Based on interviews conducted and review of video footage of the incident, it was determined that on 5/3/2024, Child #1 left their classroom without the knowledge of the staff present in the class. On 5/3/24, there were five children present along with three staff members. Child was left unsupervised for approximately 4 minutes. Staff was speaking to a parent at the door of the classroom which was not shut. Child walked out of the classroom.

Per California Code of Regulations, (Title 22, division 12 & Chapter 1) one (1) Type A citation is being cited on the attached LIC 809-D.
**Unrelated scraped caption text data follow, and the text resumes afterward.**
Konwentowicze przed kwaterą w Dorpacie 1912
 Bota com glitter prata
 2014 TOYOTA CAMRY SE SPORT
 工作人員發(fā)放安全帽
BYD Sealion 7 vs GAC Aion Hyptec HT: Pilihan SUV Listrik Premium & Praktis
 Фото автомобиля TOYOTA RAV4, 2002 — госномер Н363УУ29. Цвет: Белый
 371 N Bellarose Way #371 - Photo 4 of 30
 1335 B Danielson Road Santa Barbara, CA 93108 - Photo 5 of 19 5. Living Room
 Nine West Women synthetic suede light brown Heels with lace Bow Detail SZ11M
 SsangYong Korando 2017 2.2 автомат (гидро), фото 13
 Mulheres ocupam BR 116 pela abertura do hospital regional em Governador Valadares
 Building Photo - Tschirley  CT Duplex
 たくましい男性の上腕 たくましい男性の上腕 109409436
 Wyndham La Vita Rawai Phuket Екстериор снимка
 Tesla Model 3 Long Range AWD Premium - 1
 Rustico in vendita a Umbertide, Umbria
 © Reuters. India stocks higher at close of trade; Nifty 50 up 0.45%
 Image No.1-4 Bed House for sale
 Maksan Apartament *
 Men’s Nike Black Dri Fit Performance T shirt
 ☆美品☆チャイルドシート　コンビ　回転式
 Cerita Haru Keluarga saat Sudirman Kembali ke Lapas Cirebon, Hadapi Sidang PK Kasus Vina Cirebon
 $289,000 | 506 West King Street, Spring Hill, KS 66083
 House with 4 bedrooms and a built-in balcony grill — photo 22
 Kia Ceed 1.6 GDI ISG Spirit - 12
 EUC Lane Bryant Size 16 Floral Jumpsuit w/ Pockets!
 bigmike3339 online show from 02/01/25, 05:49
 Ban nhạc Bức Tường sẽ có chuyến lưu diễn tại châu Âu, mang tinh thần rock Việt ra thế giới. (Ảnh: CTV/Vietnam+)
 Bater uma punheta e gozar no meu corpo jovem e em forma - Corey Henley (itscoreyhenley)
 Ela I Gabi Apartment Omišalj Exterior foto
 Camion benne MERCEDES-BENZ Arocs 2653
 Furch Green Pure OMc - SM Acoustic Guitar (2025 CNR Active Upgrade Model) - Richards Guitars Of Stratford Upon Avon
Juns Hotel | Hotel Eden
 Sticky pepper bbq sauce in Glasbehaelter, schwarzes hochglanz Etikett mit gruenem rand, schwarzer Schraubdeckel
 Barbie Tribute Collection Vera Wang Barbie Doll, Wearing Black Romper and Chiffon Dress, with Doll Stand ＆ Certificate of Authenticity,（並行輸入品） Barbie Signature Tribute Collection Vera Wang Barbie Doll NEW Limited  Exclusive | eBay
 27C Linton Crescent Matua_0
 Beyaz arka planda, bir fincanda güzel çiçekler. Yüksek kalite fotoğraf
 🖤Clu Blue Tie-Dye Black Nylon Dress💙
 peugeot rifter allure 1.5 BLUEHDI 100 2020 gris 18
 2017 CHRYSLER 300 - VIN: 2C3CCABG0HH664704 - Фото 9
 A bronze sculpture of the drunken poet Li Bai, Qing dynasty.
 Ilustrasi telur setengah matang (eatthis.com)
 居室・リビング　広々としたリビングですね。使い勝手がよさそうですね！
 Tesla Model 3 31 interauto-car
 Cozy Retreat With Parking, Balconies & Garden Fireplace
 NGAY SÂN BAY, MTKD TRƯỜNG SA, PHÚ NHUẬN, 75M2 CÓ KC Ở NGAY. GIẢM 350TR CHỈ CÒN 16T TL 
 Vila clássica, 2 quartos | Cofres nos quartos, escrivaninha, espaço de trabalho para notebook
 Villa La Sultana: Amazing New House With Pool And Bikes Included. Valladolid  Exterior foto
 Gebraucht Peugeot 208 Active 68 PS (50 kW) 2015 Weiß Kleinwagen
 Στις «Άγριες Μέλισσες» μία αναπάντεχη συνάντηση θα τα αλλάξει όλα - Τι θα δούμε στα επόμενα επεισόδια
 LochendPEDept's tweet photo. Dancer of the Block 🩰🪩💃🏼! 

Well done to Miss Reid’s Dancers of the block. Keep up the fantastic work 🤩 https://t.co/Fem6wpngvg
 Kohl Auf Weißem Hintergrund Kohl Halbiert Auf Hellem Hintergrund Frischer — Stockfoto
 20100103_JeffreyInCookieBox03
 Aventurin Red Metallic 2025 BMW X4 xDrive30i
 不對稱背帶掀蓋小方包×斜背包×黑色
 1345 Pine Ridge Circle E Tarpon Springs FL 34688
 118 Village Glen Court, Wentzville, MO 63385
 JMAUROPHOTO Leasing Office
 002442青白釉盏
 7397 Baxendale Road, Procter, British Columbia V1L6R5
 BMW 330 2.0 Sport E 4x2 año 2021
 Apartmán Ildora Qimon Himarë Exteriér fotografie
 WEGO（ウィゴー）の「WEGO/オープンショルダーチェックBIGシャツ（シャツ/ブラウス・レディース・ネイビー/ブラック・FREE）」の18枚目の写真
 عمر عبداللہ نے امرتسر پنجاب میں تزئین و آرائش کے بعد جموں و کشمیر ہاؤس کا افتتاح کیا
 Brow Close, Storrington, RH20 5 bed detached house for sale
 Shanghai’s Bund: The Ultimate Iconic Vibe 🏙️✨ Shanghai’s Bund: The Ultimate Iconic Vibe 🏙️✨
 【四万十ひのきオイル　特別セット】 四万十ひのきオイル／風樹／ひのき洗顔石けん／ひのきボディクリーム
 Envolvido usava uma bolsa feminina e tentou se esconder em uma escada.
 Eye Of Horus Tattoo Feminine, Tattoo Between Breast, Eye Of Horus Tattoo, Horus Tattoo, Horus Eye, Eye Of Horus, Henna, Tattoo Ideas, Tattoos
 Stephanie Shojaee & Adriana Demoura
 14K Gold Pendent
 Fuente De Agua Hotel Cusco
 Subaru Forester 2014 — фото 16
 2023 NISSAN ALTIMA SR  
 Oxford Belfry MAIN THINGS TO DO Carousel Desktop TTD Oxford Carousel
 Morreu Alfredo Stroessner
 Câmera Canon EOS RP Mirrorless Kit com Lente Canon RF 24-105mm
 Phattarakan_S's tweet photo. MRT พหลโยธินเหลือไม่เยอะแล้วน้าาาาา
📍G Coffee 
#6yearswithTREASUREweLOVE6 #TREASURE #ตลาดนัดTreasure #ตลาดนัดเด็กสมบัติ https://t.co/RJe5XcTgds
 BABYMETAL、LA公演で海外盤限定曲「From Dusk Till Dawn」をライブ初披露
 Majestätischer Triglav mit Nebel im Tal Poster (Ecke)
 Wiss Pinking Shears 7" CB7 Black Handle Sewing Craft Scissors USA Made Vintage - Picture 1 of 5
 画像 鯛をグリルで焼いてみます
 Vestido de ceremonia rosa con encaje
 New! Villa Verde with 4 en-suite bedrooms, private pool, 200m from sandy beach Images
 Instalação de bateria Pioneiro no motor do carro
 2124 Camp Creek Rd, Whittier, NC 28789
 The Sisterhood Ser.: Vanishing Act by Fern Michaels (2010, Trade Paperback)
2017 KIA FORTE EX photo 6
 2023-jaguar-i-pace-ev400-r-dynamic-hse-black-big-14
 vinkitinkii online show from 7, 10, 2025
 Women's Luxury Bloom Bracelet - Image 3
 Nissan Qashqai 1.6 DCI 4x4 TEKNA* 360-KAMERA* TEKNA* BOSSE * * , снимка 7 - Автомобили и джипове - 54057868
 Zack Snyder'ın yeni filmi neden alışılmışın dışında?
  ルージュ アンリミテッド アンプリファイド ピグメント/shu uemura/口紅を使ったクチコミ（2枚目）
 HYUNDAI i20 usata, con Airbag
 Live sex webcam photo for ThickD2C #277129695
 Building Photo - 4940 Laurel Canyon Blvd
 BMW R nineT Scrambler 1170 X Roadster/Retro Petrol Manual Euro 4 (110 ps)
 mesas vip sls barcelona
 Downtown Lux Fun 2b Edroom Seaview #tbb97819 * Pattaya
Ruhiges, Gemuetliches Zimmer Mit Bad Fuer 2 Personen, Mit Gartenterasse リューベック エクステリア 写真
LPA Castellon informed Assistant Director that this report dated 5/10/24 document(s) (1) Type A citation which shall be posted for 30 consecutive days as there is immediate risk(s) to the health, safety, or personal rights of children in care.

Also, LPA Castellon informed the Assistant Director to provide a copy of this licensing report dated 5/10/24 that documents the Type A citation to parents/guardians of all children currently enrolled by the next business day or the next day the children are in care, and to any newly enrolled parents/guardians for 12 months from the date of this report. A signed Acknowledgement of Receipt of Licensing Report (LIC 9224), or other written statement, must be placed in the child's file for verification.
SUPERVISORS NAME: Cynthia Gray
LICENSING EVALUATOR NAME: Adrian Castellon
LICENSING EVALUATOR SIGNATURE: DATE: 05/10/2024
I acknowledge receipt of this form and understand my licensing appeal rights as explained and received.
FACILITY REPRESENTATIVE SIGNATURE: DATE: 05/10/2024
This report must be available at Child Care and Group Home facilities for public review for 3 years.

LIC809 (FAS) - (06/04)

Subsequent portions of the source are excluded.